[Records from a data collection]
++++++++++++++++++++
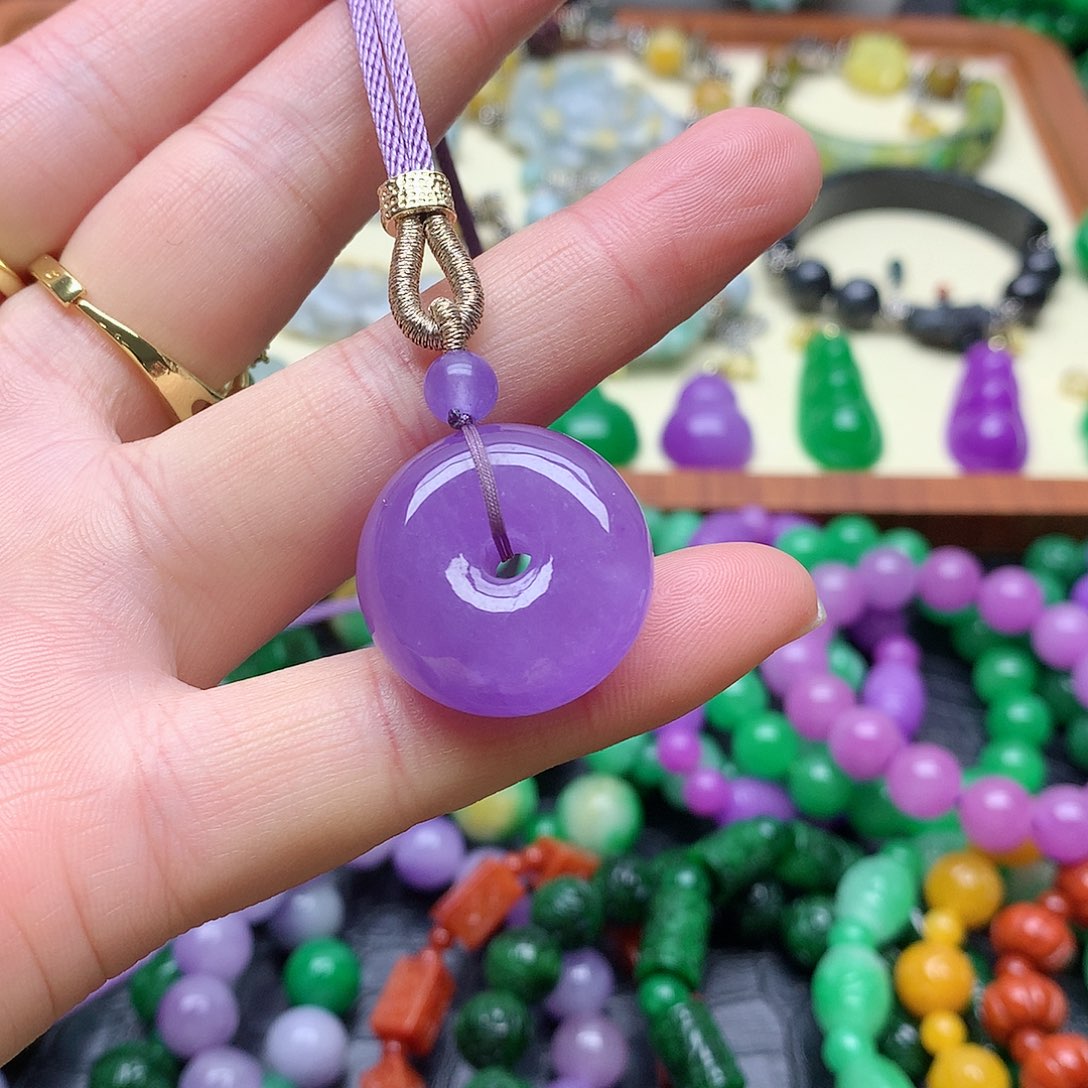 吊坠(赠链)未镶嵌翡翠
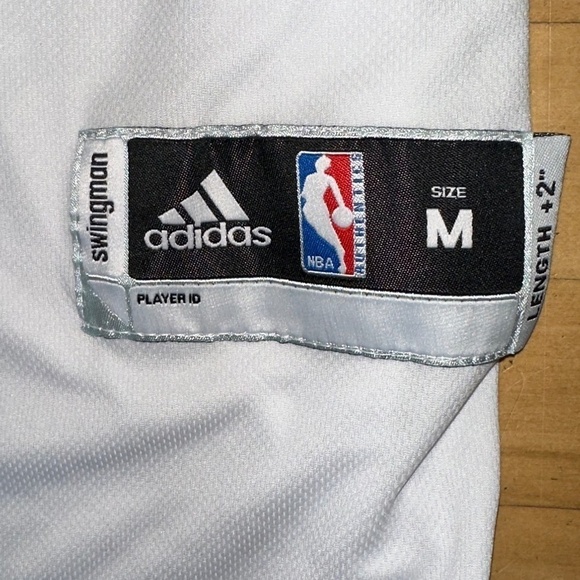 Adidas Swingman Bulls 3/Wade  Jersey,  Med.   GD1035 - Picture 3 of 4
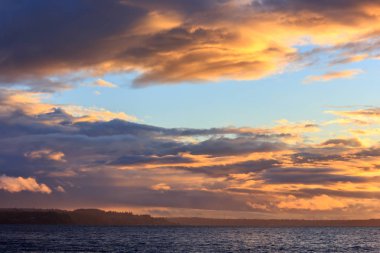 su üzerinde turuncu bulutlar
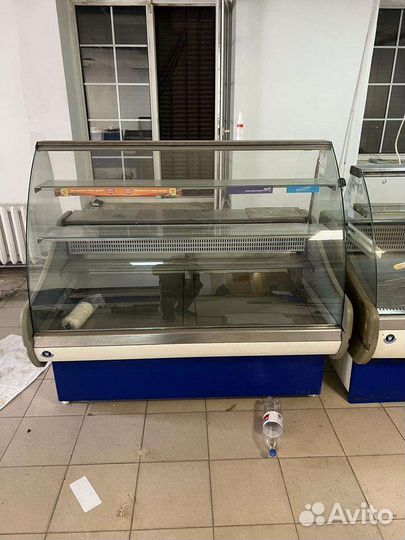 Холодильник витрина бу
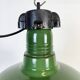 Lampe à suspension industrielle en émail vert, années 1960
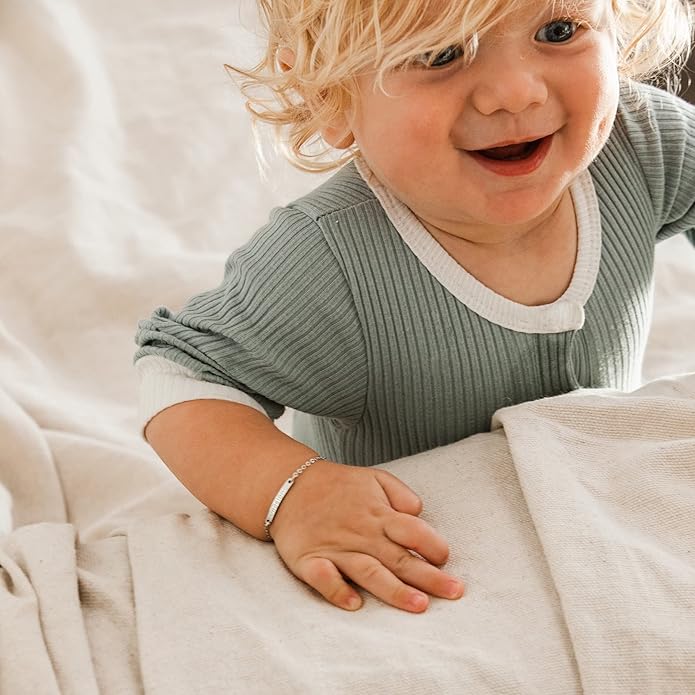 Baby Name Bar ID Bracelet Gold Plated Personalized Baby Gifts 16k Gold Dainty Hand Stamp Customized Newborn to Children First Birthday Great Gift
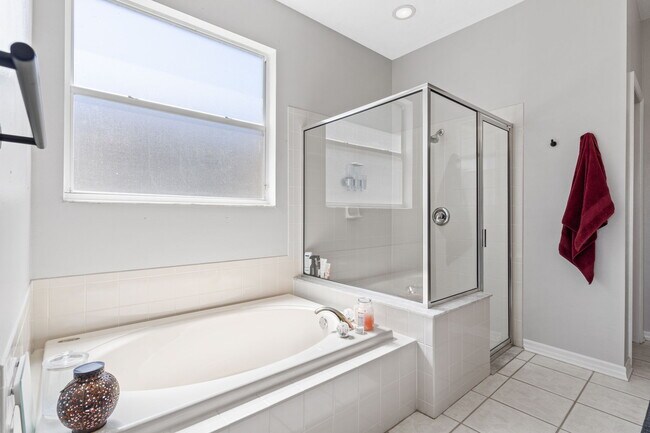 Building Photo - 545 Tuscanny St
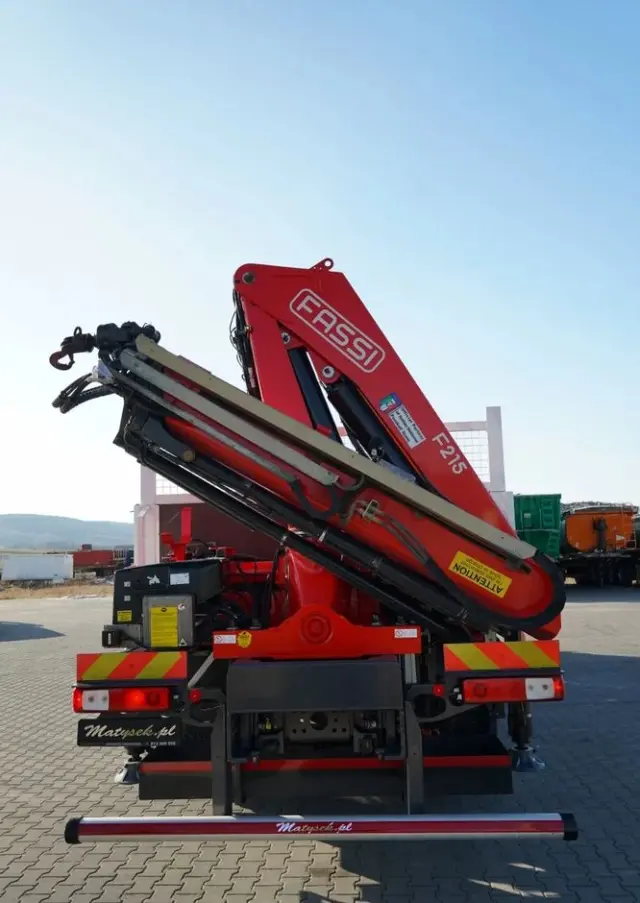 RENAULT C 430 / 6x4 / SKRZYNIOWY 7,2 M + HDS FASSI F215A / WYSÓW 10 M / STEROWANIE RADIOWE / WIDŁY / ROTATOR 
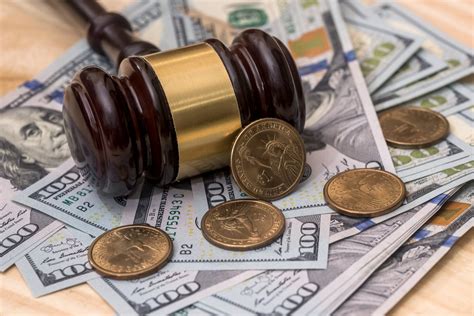 Coinbase, kraken, and gemini offer bitcoin and a growing number of altcoins. Coinbase Faces Fresh Bitcoin Cash Insider Trading Lawsuit ...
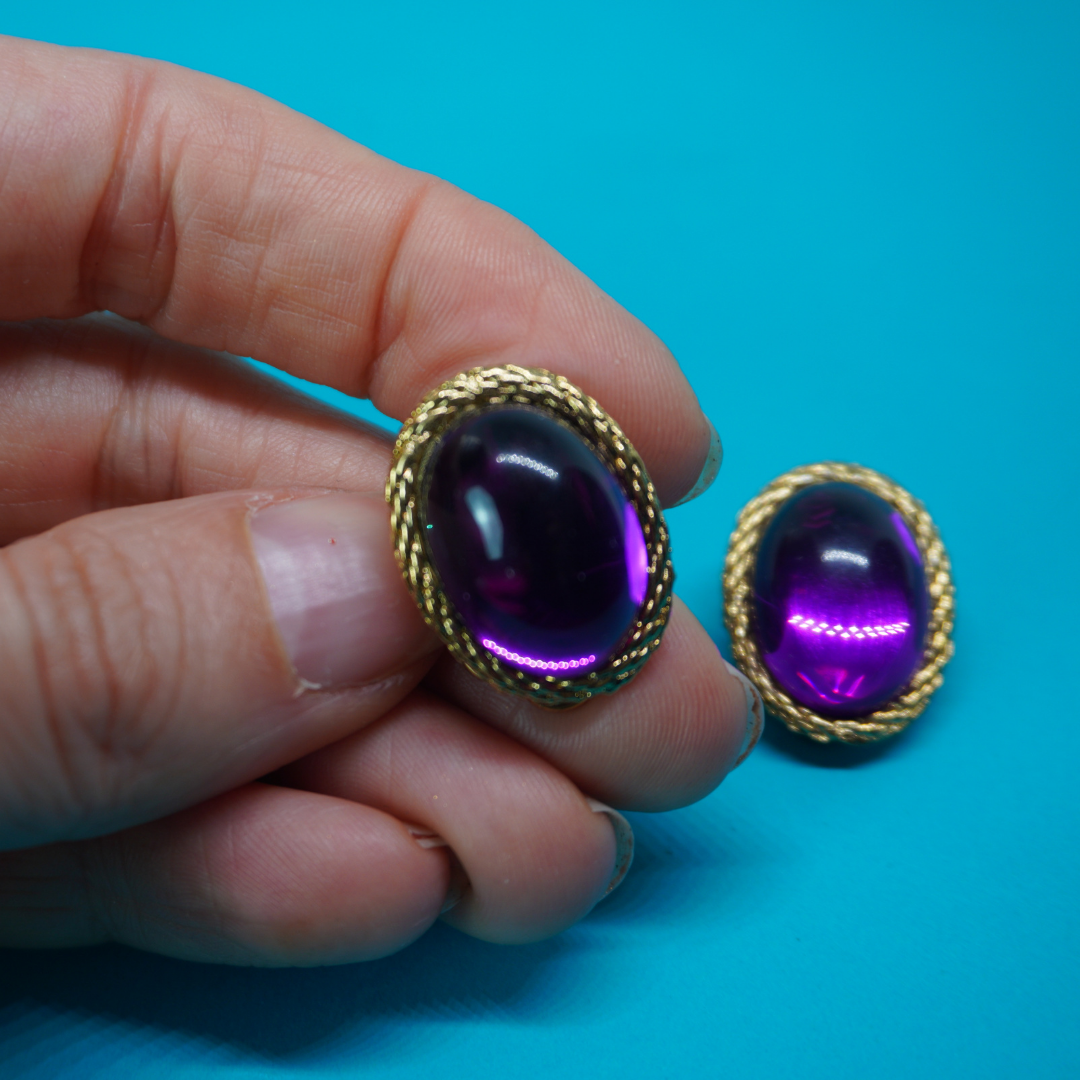 Vintage clip-on earrings purple/pink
++++++++++++++++++++
Exercise: Transcribe each of the records above precisely, with no pictures in the copy.

Output of the exercise:
 吊坠(赠链)未镶嵌翡翠
 Adidas Swingman Bulls 3/Wade  Jersey,  Med.   GD1035 - Picture 3 of 4
 su üzerinde turuncu bulutlar
 Холодильник витрина бу
 Lampe à suspension industrielle en émail vert, années 1960
 Baby Name Bar ID Bracelet Gold Plated Personalized Baby Gifts 16k Gold Dainty Hand Stamp Customized Newborn to Children First Birthday Great Gift
 Building Photo - 545 Tuscanny St
 RENAULT C 430 / 6x4 / SKRZYNIOWY 7,2 M + HDS FASSI F215A / WYSÓW 10 M / STEROWANIE RADIOWE / WIDŁY / ROTATOR 
 Coinbase, kraken, and gemini offer bitcoin and a growing number of altcoins. Coinbase Faces Fresh Bitcoin Cash Insider Trading Lawsuit ...
 Vintage clip-on earrings purple/pink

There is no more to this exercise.